## How to complete this task:
Retype, without pictures, the line holding "삼성화재 실비보험 청구서류, 간편하게 파악하는 법" and each line below it through the final line.
___ Exercise materials
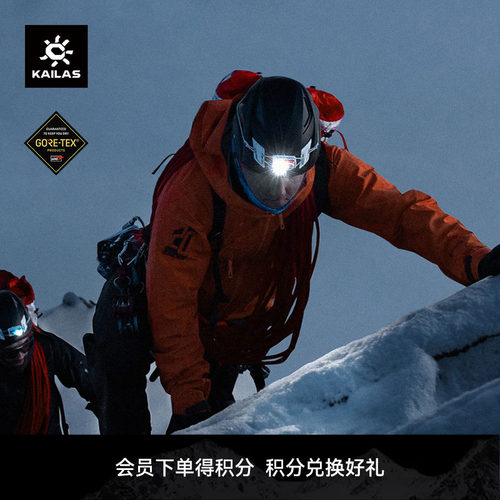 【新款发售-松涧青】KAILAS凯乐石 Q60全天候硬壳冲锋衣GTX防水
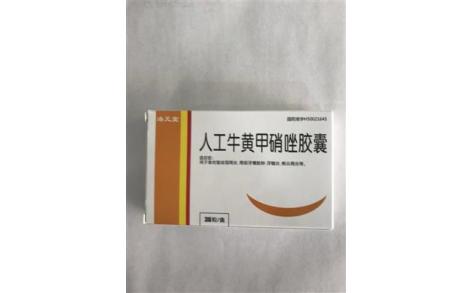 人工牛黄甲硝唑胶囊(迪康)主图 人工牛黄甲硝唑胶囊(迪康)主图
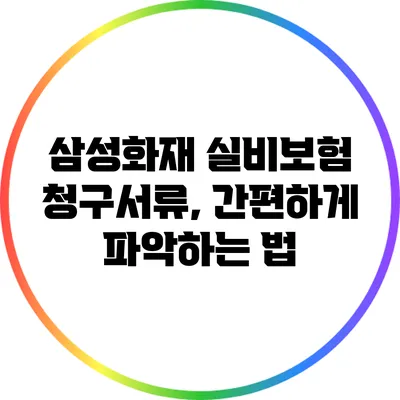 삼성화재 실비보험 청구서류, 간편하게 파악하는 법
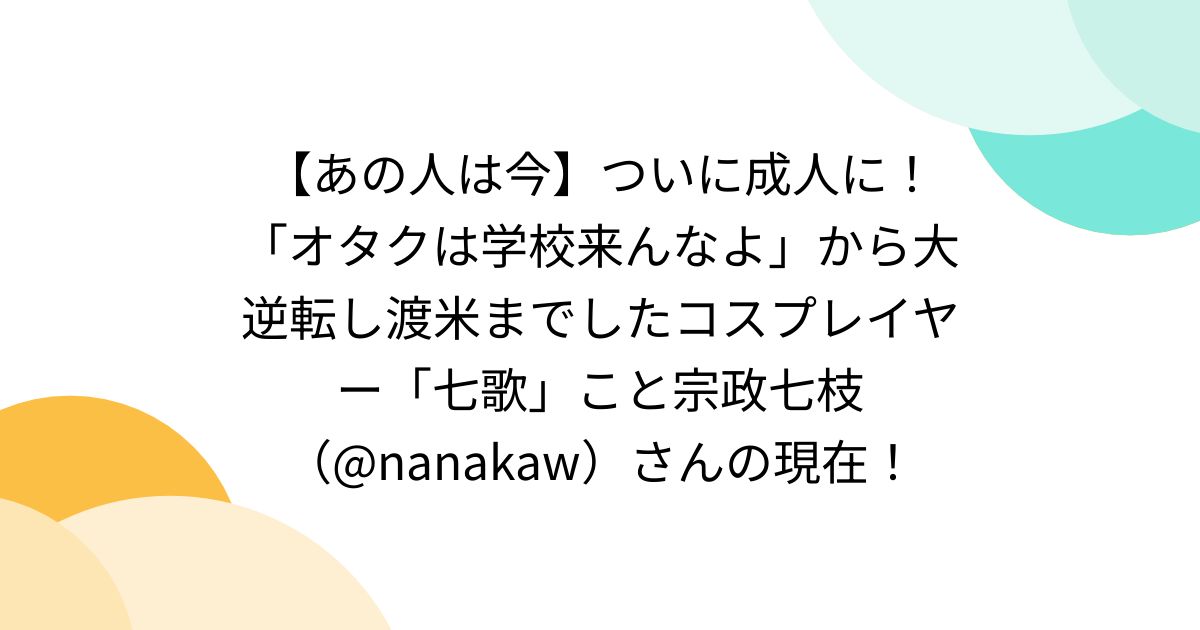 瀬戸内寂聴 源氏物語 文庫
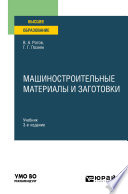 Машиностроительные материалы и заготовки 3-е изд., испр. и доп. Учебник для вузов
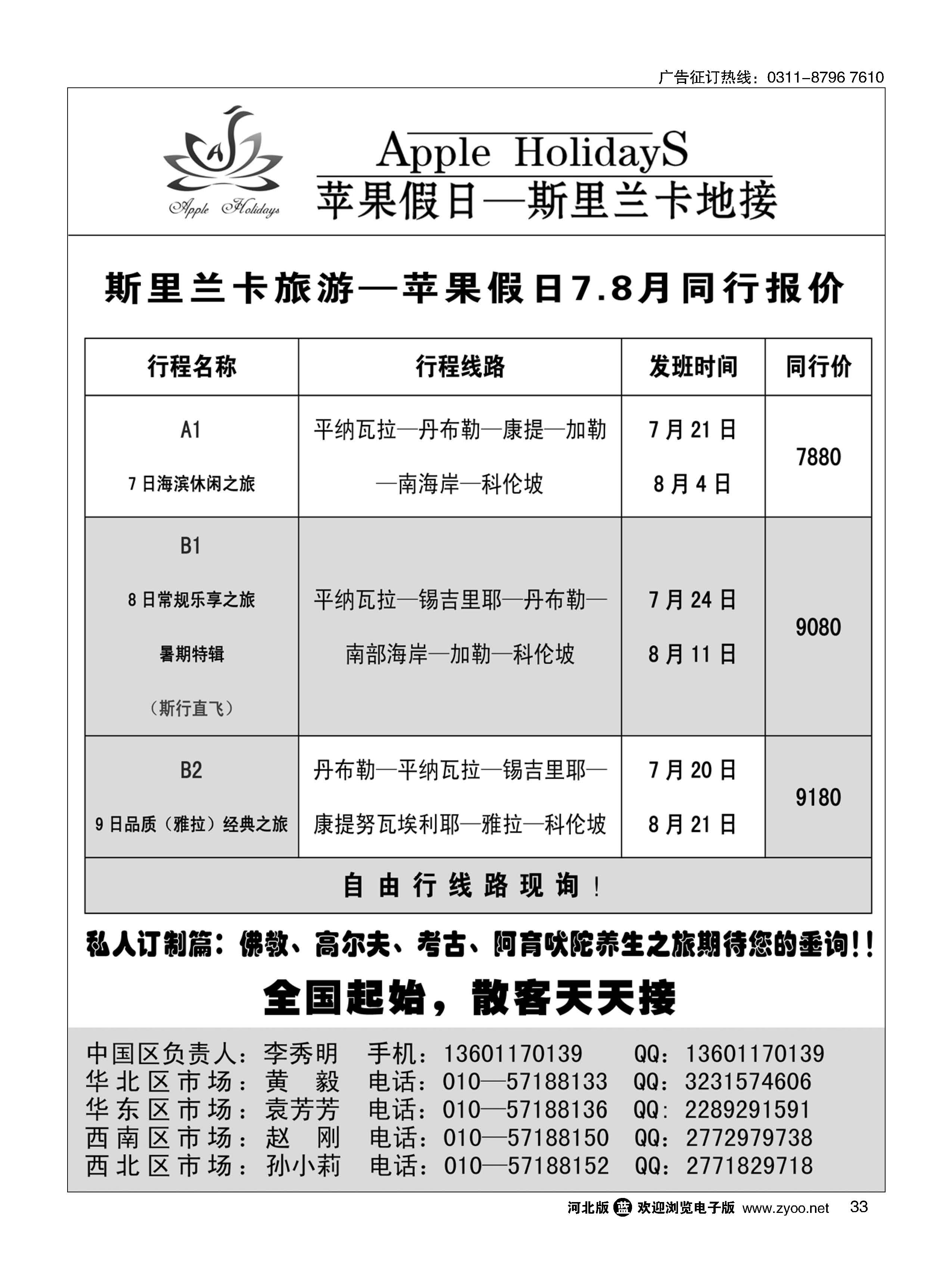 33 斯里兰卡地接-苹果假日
______
## Output below:
 삼성화재 실비보험 청구서류, 간편하게 파악하는 법
 瀬戸内寂聴 源氏物語 文庫
 Машиностроительные материалы и заготовки 3-е изд., испр. и доп. Учебник для вузов
 33 斯里兰卡地接-苹果假日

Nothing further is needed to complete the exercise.